The way to start looking at this is that a fee cannot be charged to a tenant unless it is a permitted payment. It could perhaps be covered by the ‘variation of contract’ permitted payment since the contract could be amended to reflect the new permission. The variation of contract fee is often capped at £50 but it can be higher if there are ‘reasonable costs’ incurred by the person ‘to whom the payment is to be made’. I think this could cover a fee to a third party to obtain consent – but the key word here is ‘could’. This is certainly not a certainty.

A landlord may not be willing to pay that fee and, if you take the view that the fee cannot be passed on, then it must be reasonable to refuse.

Following on from that scenario though, I wanted to explore the TFA in the context of the ‘new’ permitted payment that will be introduced by RRB; pet insurance.

A landlord can request as a condition of granting consent that a tenant must obtain a pet insurance policy but can they take any thing else?

I have previously done a deep-dive on the TFA in this post: Guarantor Alternative Products - are they Tenant Fees Act compliant?  And the logic is the same here; if a prohibited requirement is offered as an alternative to something which is not prohibited by the TFA then it is allowed.

So then, to the conclusion:

A pet insurance policy will not be prohibited by the TFA. That means that anything can be offered as an alternative to it.
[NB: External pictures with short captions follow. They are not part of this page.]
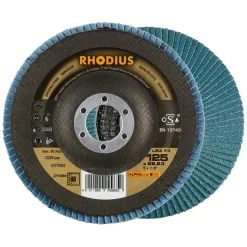 Rhodius 210483 LSZ F3 K60 ALPHALINE l Lamellenslijpschijf 125 x 22,23mm (10 st) K60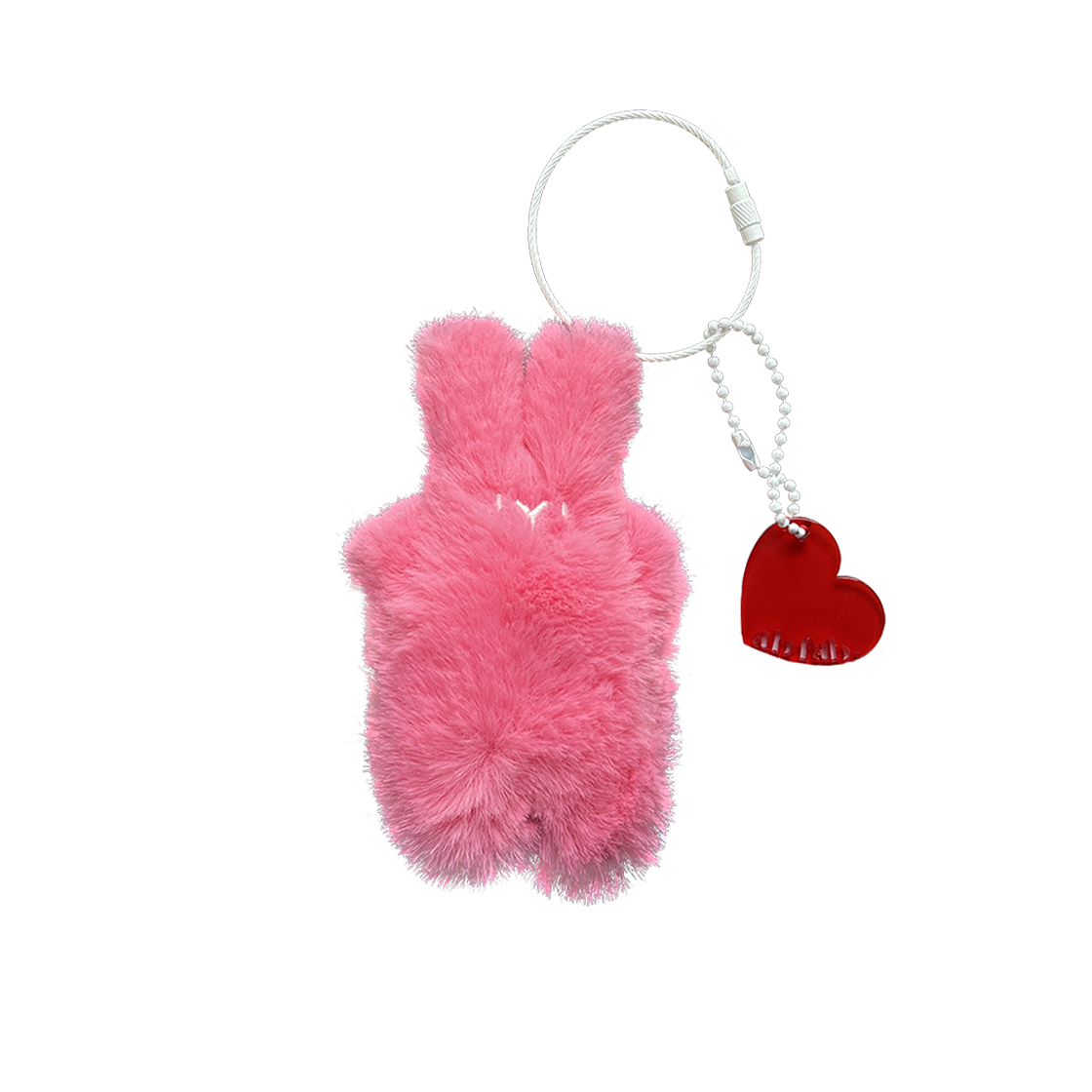 에이비페브 해피 버니 키링 핑크(ABFAB happy Bunny Key ring Pink)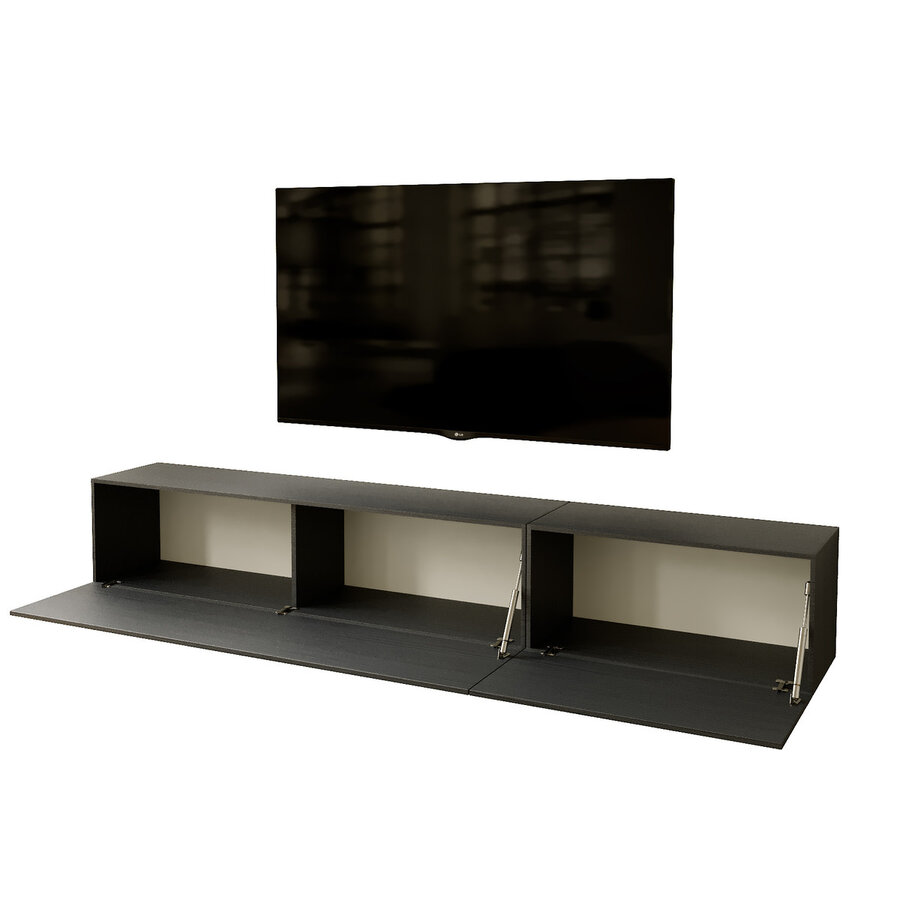 Valentino 207 cm Nero TV Wandmeubel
The tenant then has the choice as to whether or not to take out an insurance policy or do the alternative. Say, if a landlord is offering to accept £X instead of an insurance policy and £X is lower than the cost of an insurance policy then it may be worth a tenant choosing that option – this is certainly not financial advice and I am not an expert on what pet damage insurance policies are/will be out there, but it seems possible that this scenario could play out.

Note: if anyone has a lettings law question for me then I will answer it for free as long as I think it will make for an interesting post. These posts are essentially my morning Sudoku.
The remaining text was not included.